(Image-caption web data)
******

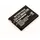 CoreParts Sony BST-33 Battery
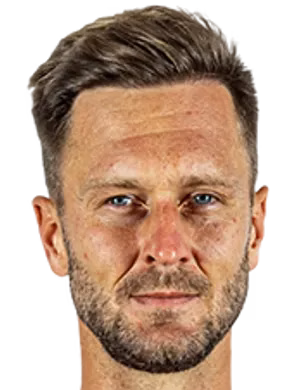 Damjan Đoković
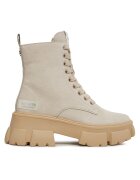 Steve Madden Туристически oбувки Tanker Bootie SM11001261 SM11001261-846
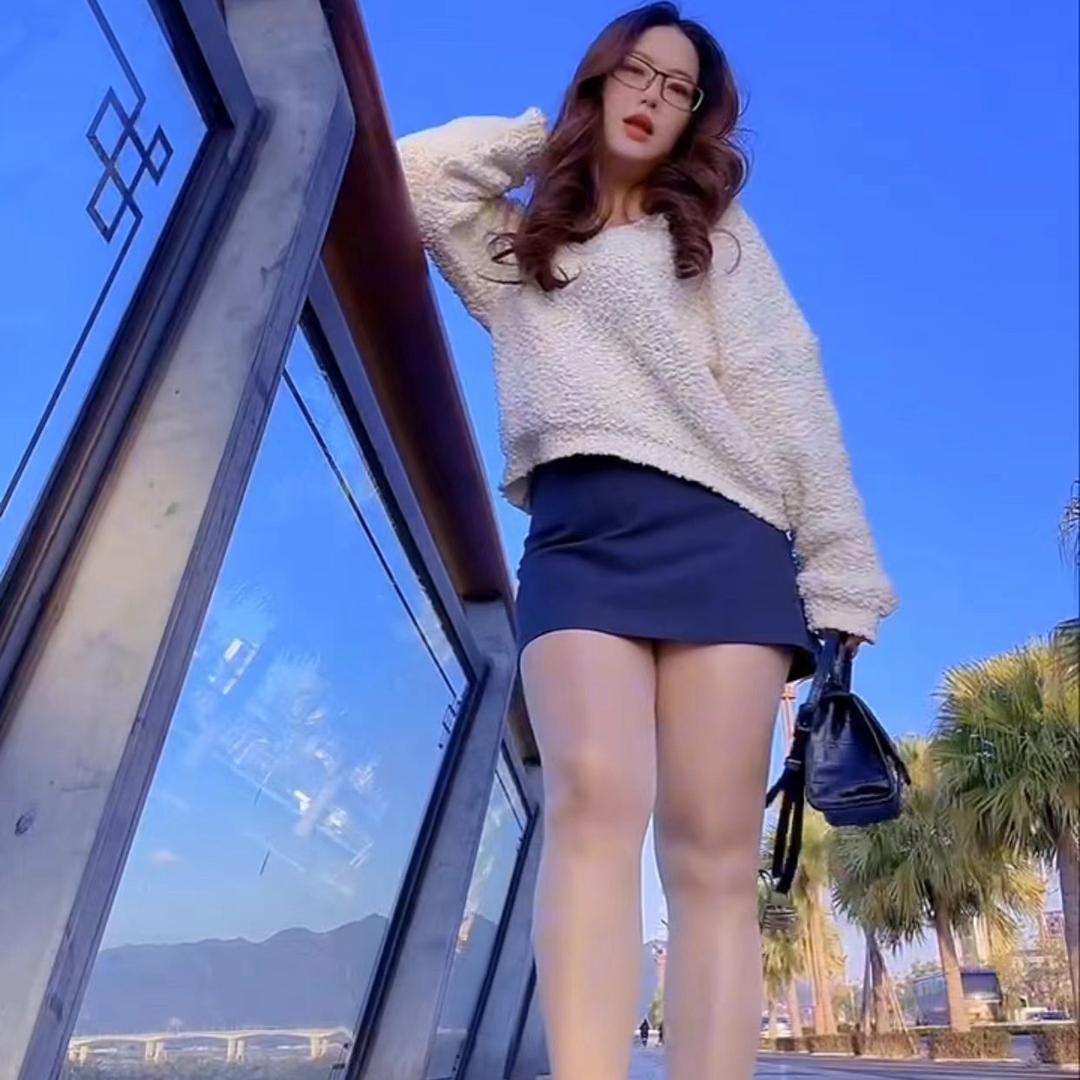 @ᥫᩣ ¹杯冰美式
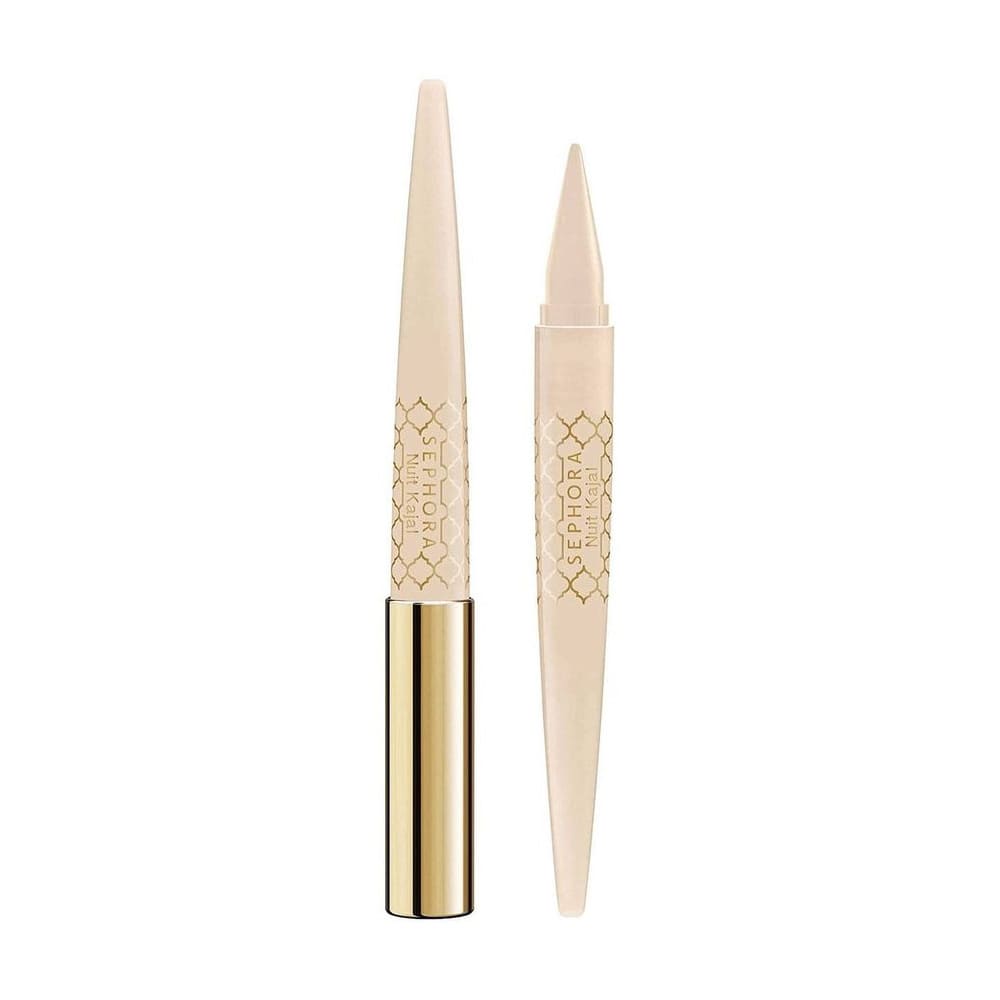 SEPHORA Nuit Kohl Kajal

******

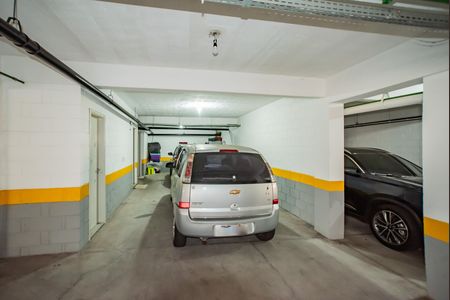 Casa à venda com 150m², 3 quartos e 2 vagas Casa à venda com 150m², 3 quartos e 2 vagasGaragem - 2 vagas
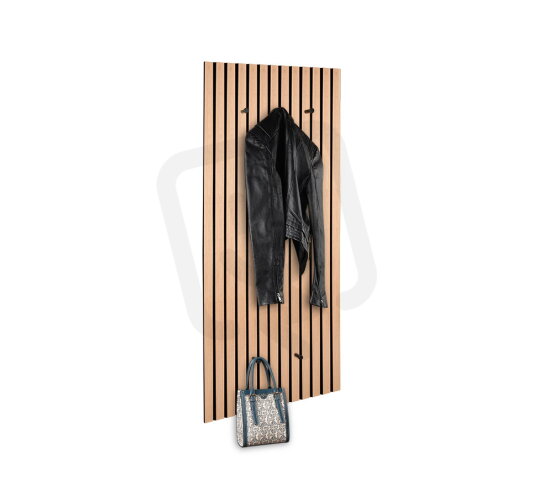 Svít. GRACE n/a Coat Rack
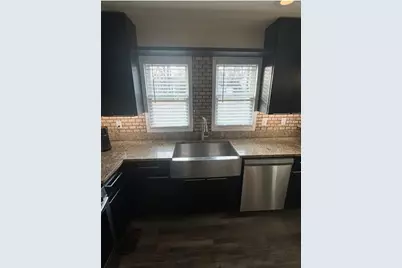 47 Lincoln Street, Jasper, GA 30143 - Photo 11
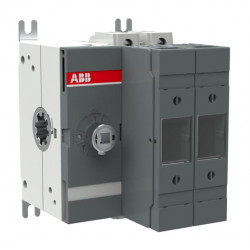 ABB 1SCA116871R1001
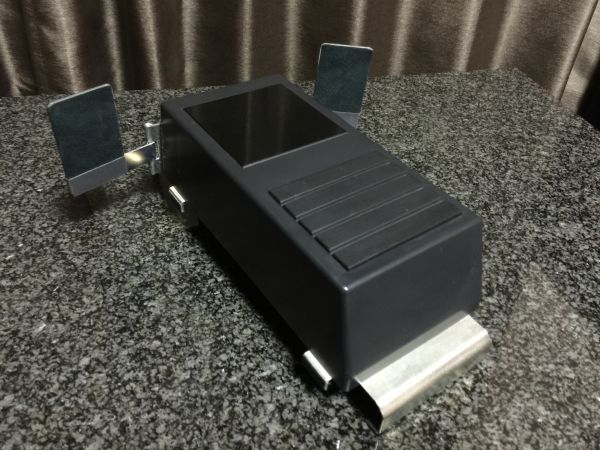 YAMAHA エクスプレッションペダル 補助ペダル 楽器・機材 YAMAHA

******

**WHAT THIS TASK INVOLVES**
Output only the lines above from the one containing "Svít. GRACE n/a Coat Rack" to the one containing "YAMAHA エクスプレッションペダル 補助ペダル 楽器・機材 YAMAHA", both included, exactly as written and with no pictures.

**TASK OUTPUT**
 Svít. GRACE n/a Coat Rack
 47 Lincoln Street, Jasper, GA 30143 - Photo 11
 ABB 1SCA116871R1001
 YAMAHA エクスプレッションペダル 補助ペダル 楽器・機材 YAMAHA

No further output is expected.